To assess the model goodness of fit, one can use BayesT() for computing the posterior predictive check. The commands of the two-cluster model for epileptic.qol data are as follows:

R> res <- BayesT(fit = fit.BCC2)
R> plot(log(res$T.obs), log(res$T.rep), xlim = c(8.45,8.7), ylim = c(8.45,8.7), cex = 1.5,
+        xlab = "Observed T statistics (in log scale)", 
+        ylab = "Predicted T statistics (in log scale)")
R> abline(0, 1, lwd = 2,col = 2)

Figure 6: Posterior predictive check: observed T (in log scale) and predicted T (in log scale) statistics.

The result is displayed in Figure 6. This figure suggested that there was no systematic pattern (e.g., consistent overestimation or underestimation) between the observed $T$ (in log scale) and predicted $T$ (in log scale) statistics, indicating that the model provided a good fit to the data. To further evaluate the goodness of fit using an objective measure, the Bayesian p-value can be calculated, using the following commands,

R> p.value <- sum(res$T.rep > res$T.obs)/length(res$T.rep)
R> p.value

[1] 0.559

The Bayesian p-value of 0.559 corresponds to the proportion of samples above the diagonal, further suggesting that there is no clear evidence of model misspecification or that the model provides a poor fit to the data. In addition, the output also provided the posterior cluster probability, which is a measure of cluster uncertainty. The following commands generated a boxplot for the posterior cluster probabilities by clusters.
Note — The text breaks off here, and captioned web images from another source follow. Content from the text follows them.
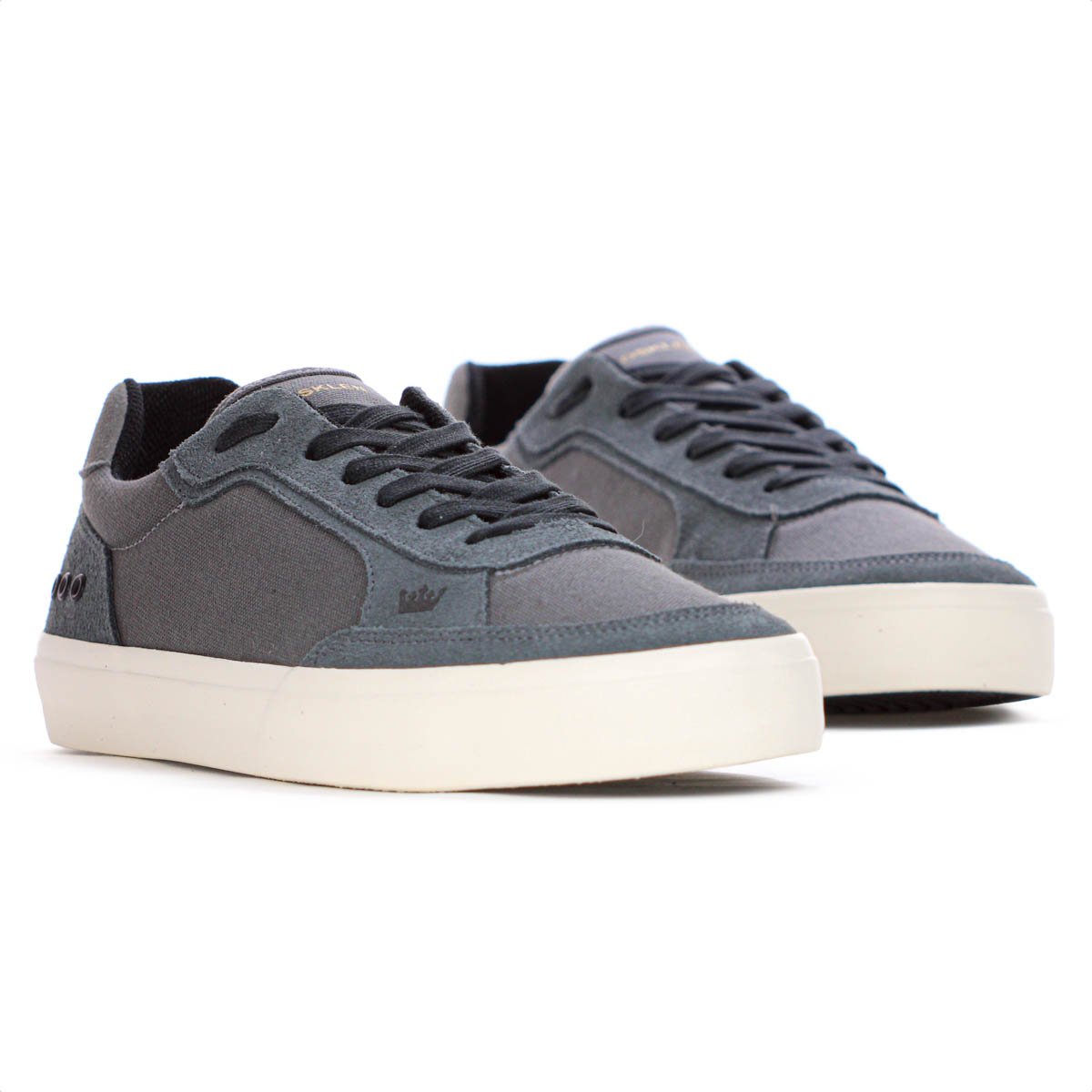 Tenis Osklen Flip Lona Cinza - Masculino Cinza 4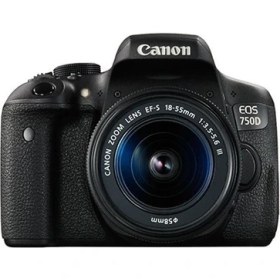 Resim Canon 750D 18-55mm DC III DSLR Fotoğraf Makinesi 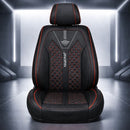 Funda para Auto Revox Universal en Cuero Legítimo con Airbag Integrado + REGALO: Alfombra y Funda para Volante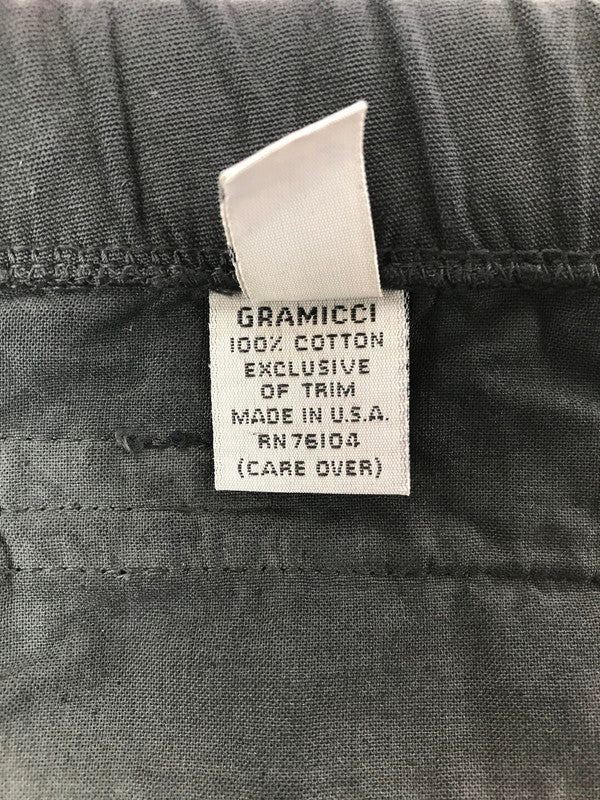 【中古品】【メンズ】 GRAMICCI グラミチ 90's CLIMBING PANTS BLACK 90年代 クライミング パンツ ボトムス USA製 157-260729-rt-30-tagh サイズ：L カラー：ブラック 万代Net店
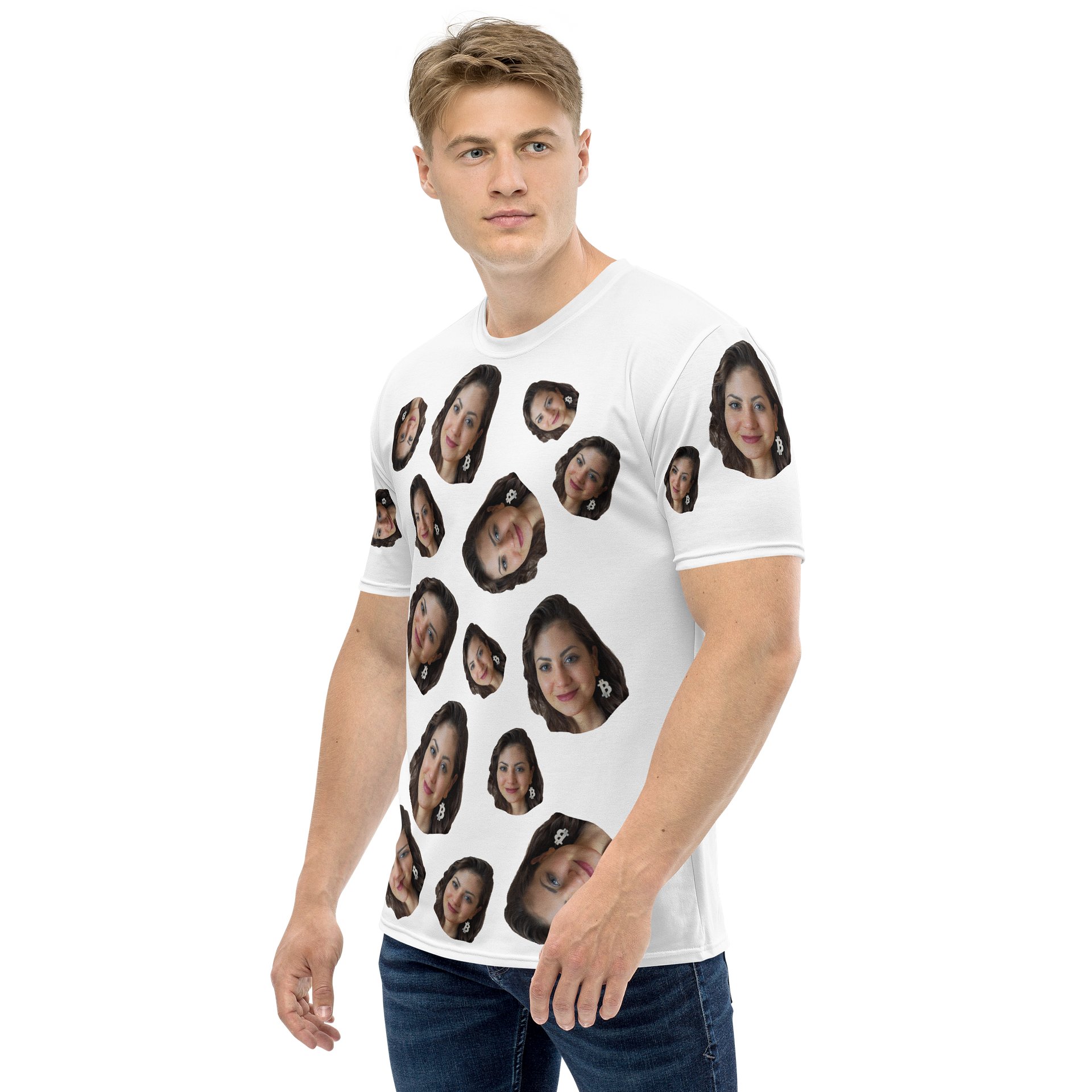 MissCrypto All-Over Print T-Shirt product image (4)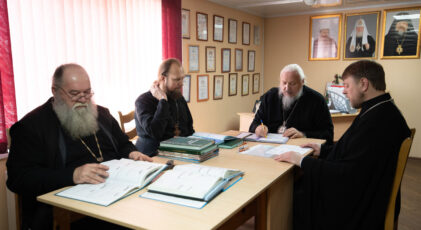 Собрание духовенства Лоевского благочиния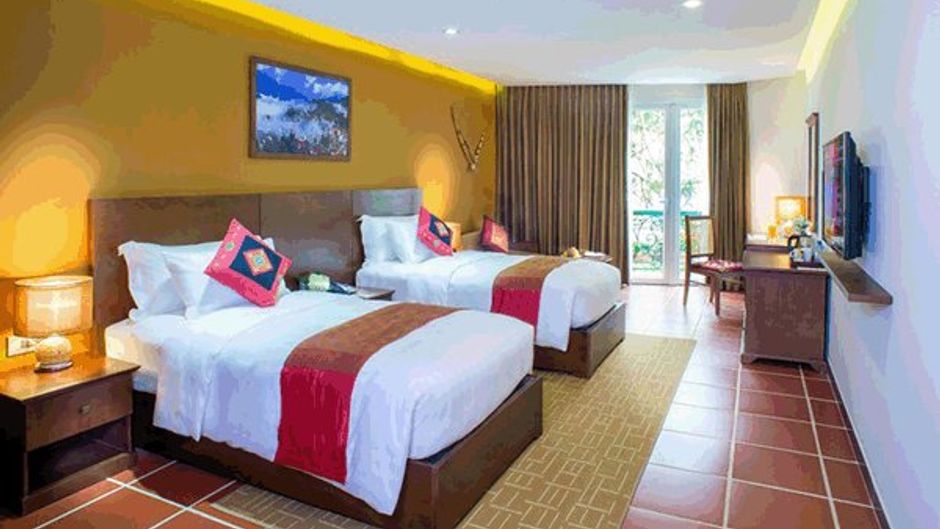 Hotel Sapa Square Room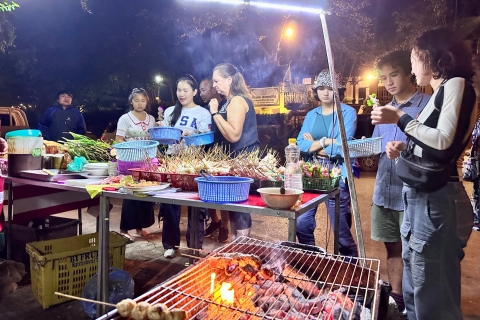 Luang Prabang Avond culinaire tour per Tuktuk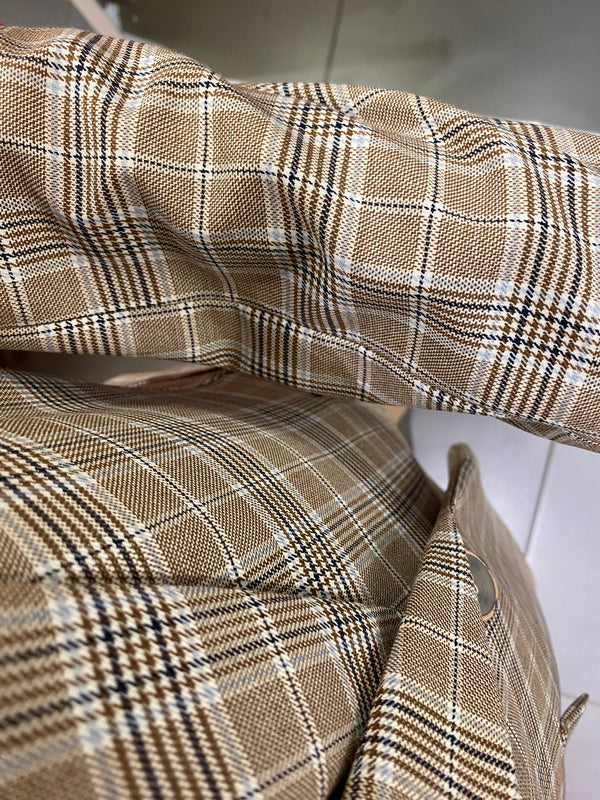 BLAZER A QUADRI BIGHET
R> fit.BCC2$cluster.global <- factor(fit.BCC2$cluster.global,
+        labels = c("Cluster 1", "Cluster 2"))
R> boxplot(fit.BCC2$postprob ~ fit.BCC2$cluster.global, ylim = c(0.5, 1),
+        xlab = "", ylab = "Posterior Cluster Probability")

The results were displayed in Figure 7. The posterior cluster probabilities for a majority of individuals in both Clusters 1 and 2 were close to 1, except for a few individuals. This suggested that cluster membership for individuals is robust.

Figure 7: Boxplot for the posterior cluster probabilities by clusters.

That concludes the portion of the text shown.